*** LISTED ENTRIES ***

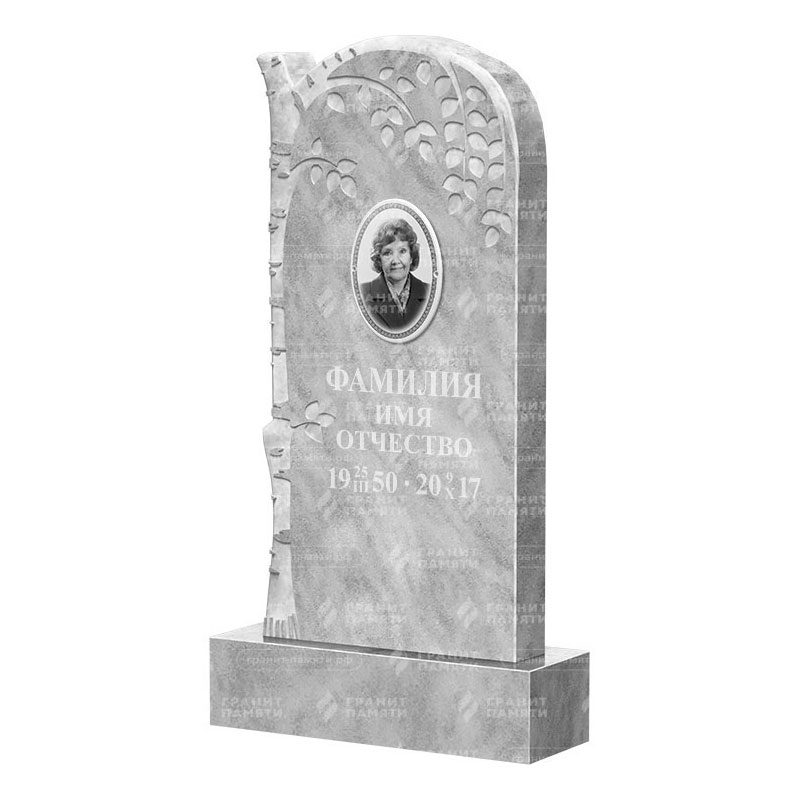 Памятники из мрамора в Кургане | Мраморный памятник ФМ-091
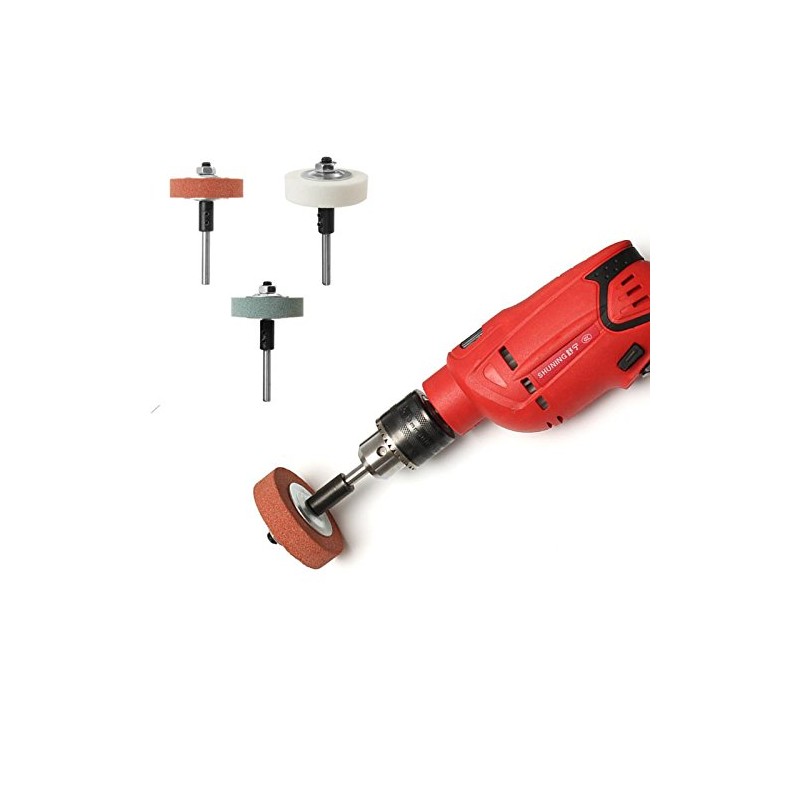 FEVERWORK 70x20x10mm Grinding Wheel Adapter Set Changed Electric Drill Into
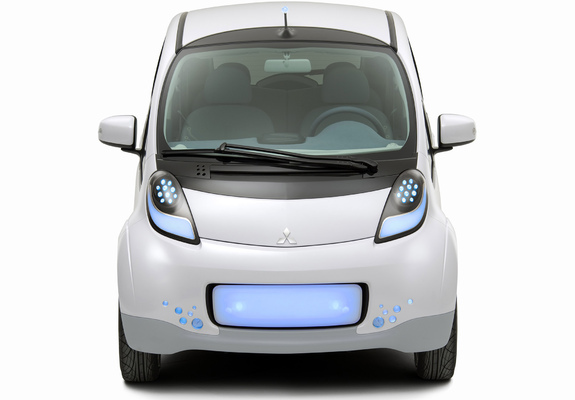 Mitsubishi i MiEV Prototype 2009 wallpapers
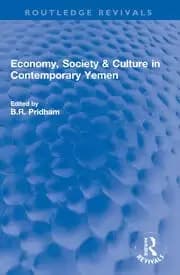 Image of Economy Society & Culture in Contemporary Yemen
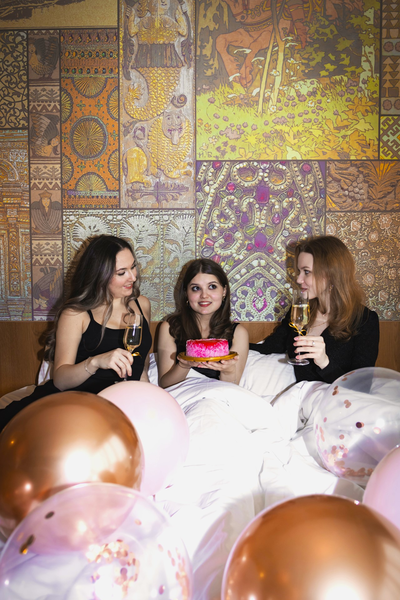 Проведите свой День Рождения с нами!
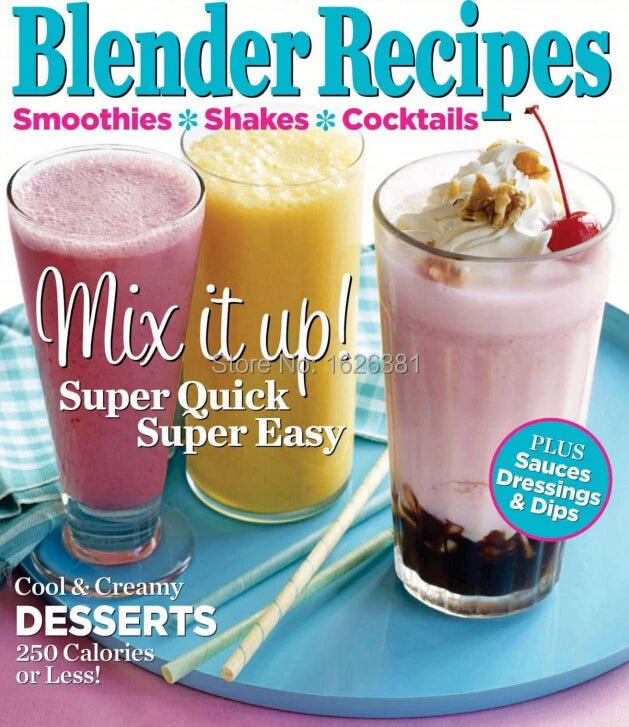 BioloMix BPA Free 2L Jar Blender | 2200W for Smoothies & More - My Web Bazaar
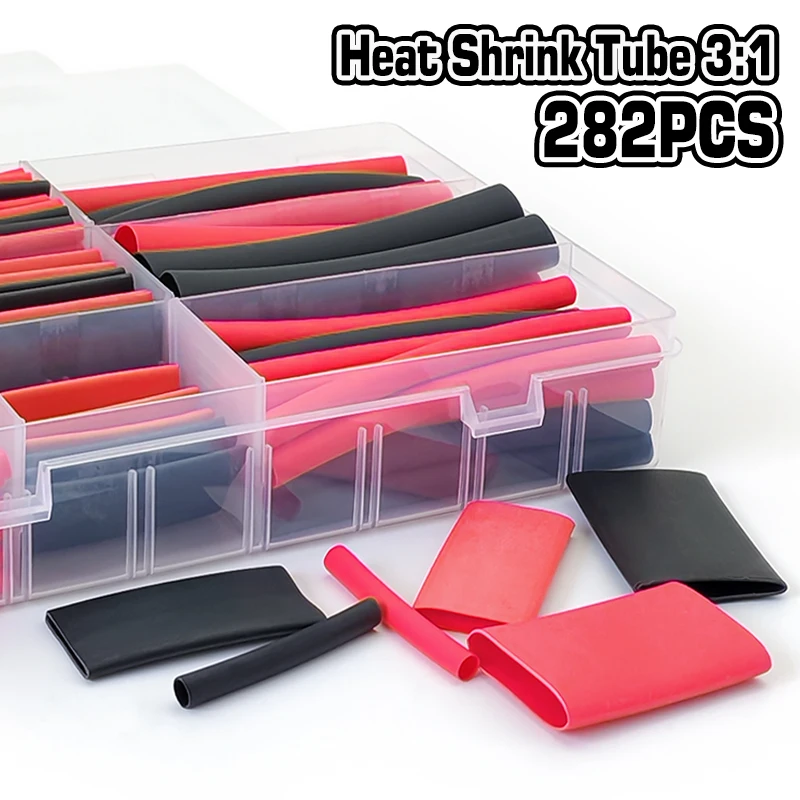 282Pcs Electronic Cable Heat S - Electronics Repair Youtube ulasan dan harga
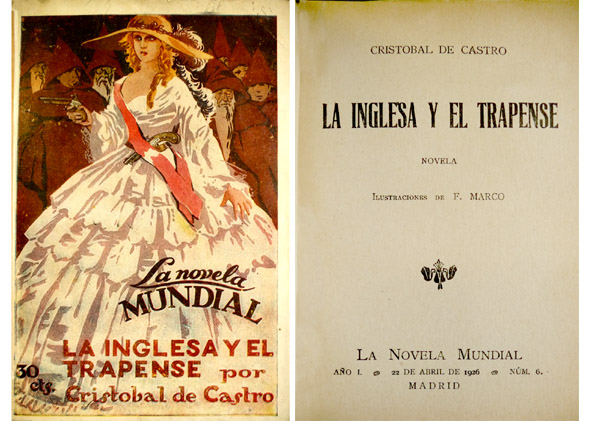 La inglesa y el trapense. Novela.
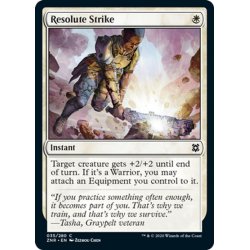 画像1: 【ENG】毅然たる一撃/Resolute Strike[MTG_ZNR_035C]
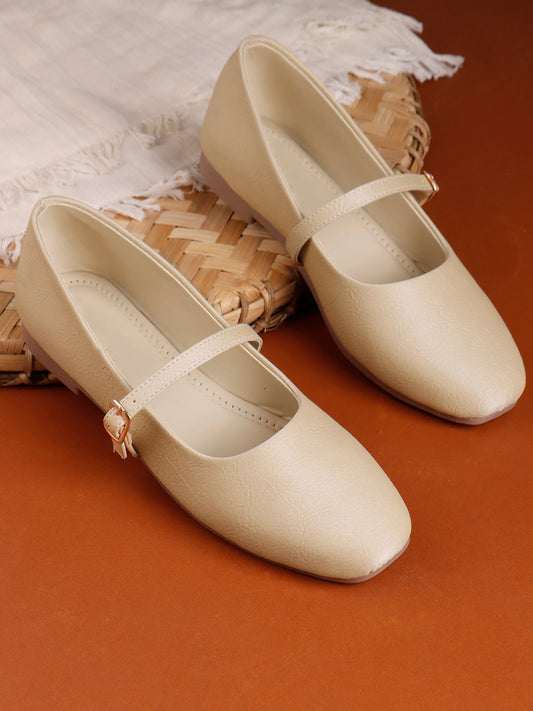Timeless Square-Toe Mary Jane Shoes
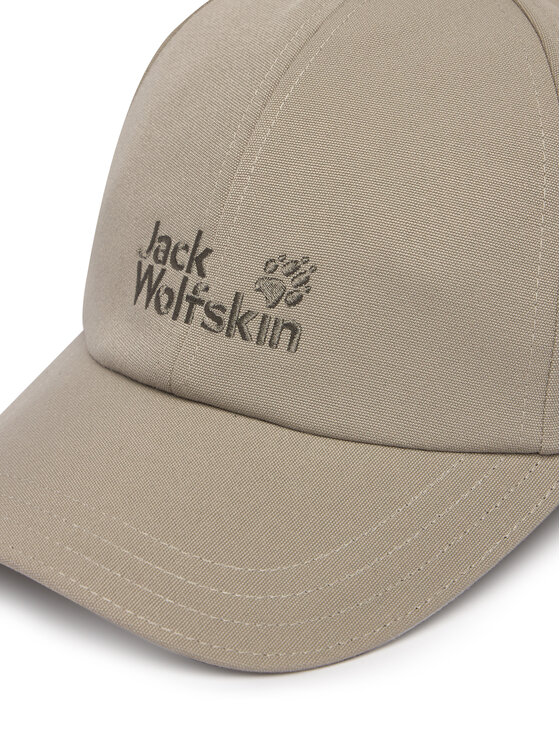 Jack Wolfskin Kšiltovka Jack Wolfskin Baseball Cap A65769 Béžová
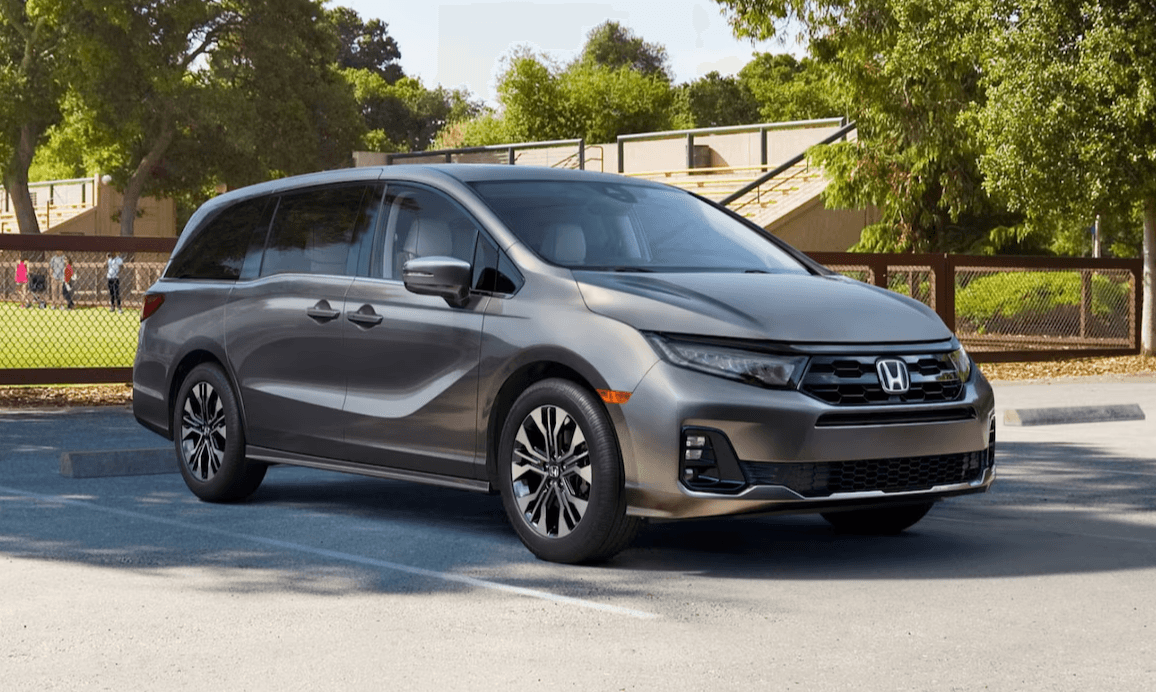 2025 Honda Odyssey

***

EXERCISE DIRECTIONS :: Give the data above back unchanged, except for the pictures.

ANSWER TO THIS EXERCISE ::
 Памятники из мрамора в Кургане | Мраморный памятник ФМ-091
 FEVERWORK 70x20x10mm Grinding Wheel Adapter Set Changed Electric Drill Into
 Mitsubishi i MiEV Prototype 2009 wallpapers
 Image of Economy Society & Culture in Contemporary Yemen
 Проведите свой День Рождения с нами!
 BioloMix BPA Free 2L Jar Blender | 2200W for Smoothies & More - My Web Bazaar
 282Pcs Electronic Cable Heat S - Electronics Repair Youtube ulasan dan harga
 La inglesa y el trapense. Novela.
 画像1: 【ENG】毅然たる一撃/Resolute Strike[MTG_ZNR_035C]
Timeless Square-Toe Mary Jane Shoes
 Jack Wolfskin Kšiltovka Jack Wolfskin Baseball Cap A65769 Béžová
 2025 Honda Odyssey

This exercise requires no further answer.